• [EXERCISE GOAL]: Would you return the data exactly as given, except for its pictures?

• [INPUT DATA]:
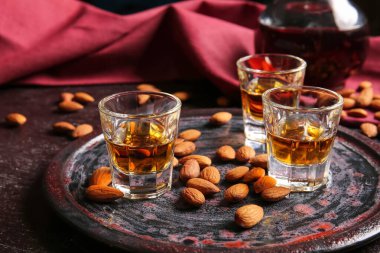 Bir bardak badem likörü ve koyu fındıklı tepsi.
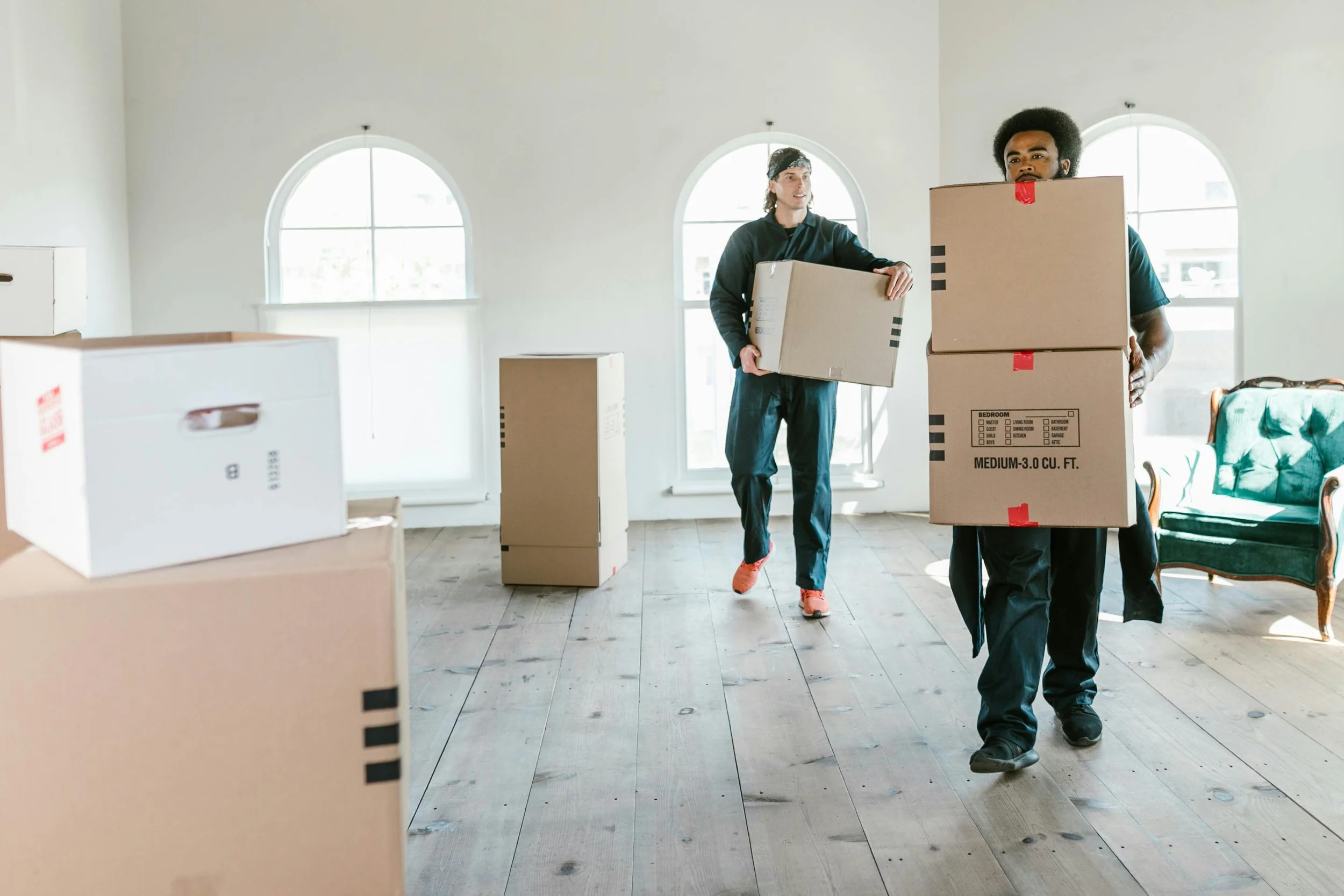 Two men are moving boxes inside a brightly lit room with arched windows. One man with an afro hairstyle and a beard is carrying a large box, while the other man with long hair and a headband carries a smaller box. Several cardboard boxes are scattered around.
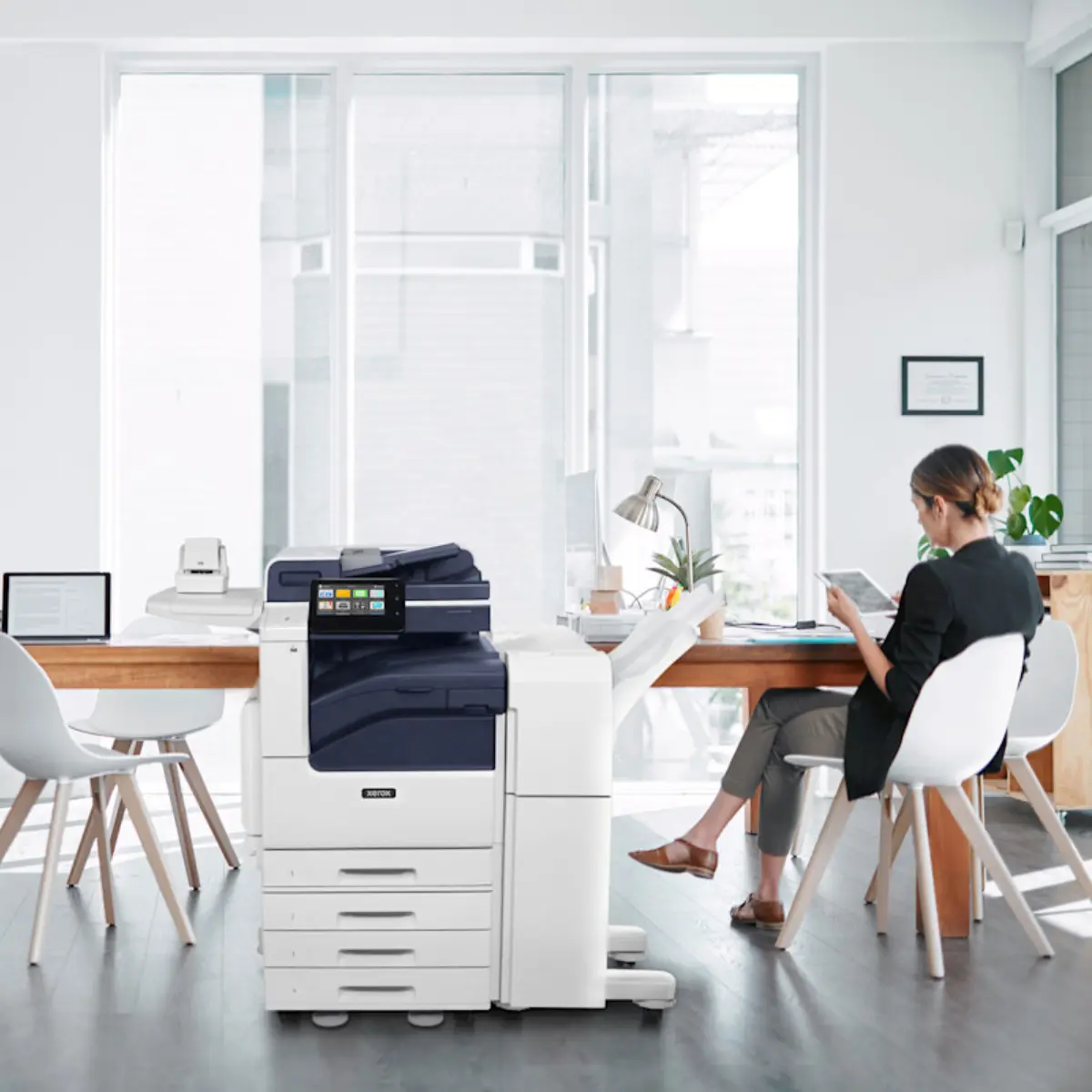 Kobieta siedząca obok urządzenia wielofunkcyjnego Xerox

• [WRITTEN ANSWER]:
 Bir bardak badem likörü ve koyu fındıklı tepsi.
 Two men are moving boxes inside a brightly lit room with arched windows. One man with an afro hairstyle and a beard is carrying a large box, while the other man with long hair and a headband carries a smaller box. Several cardboard boxes are scattered around.
 Kobieta siedząca obok urządzenia wielofunkcyjnego Xerox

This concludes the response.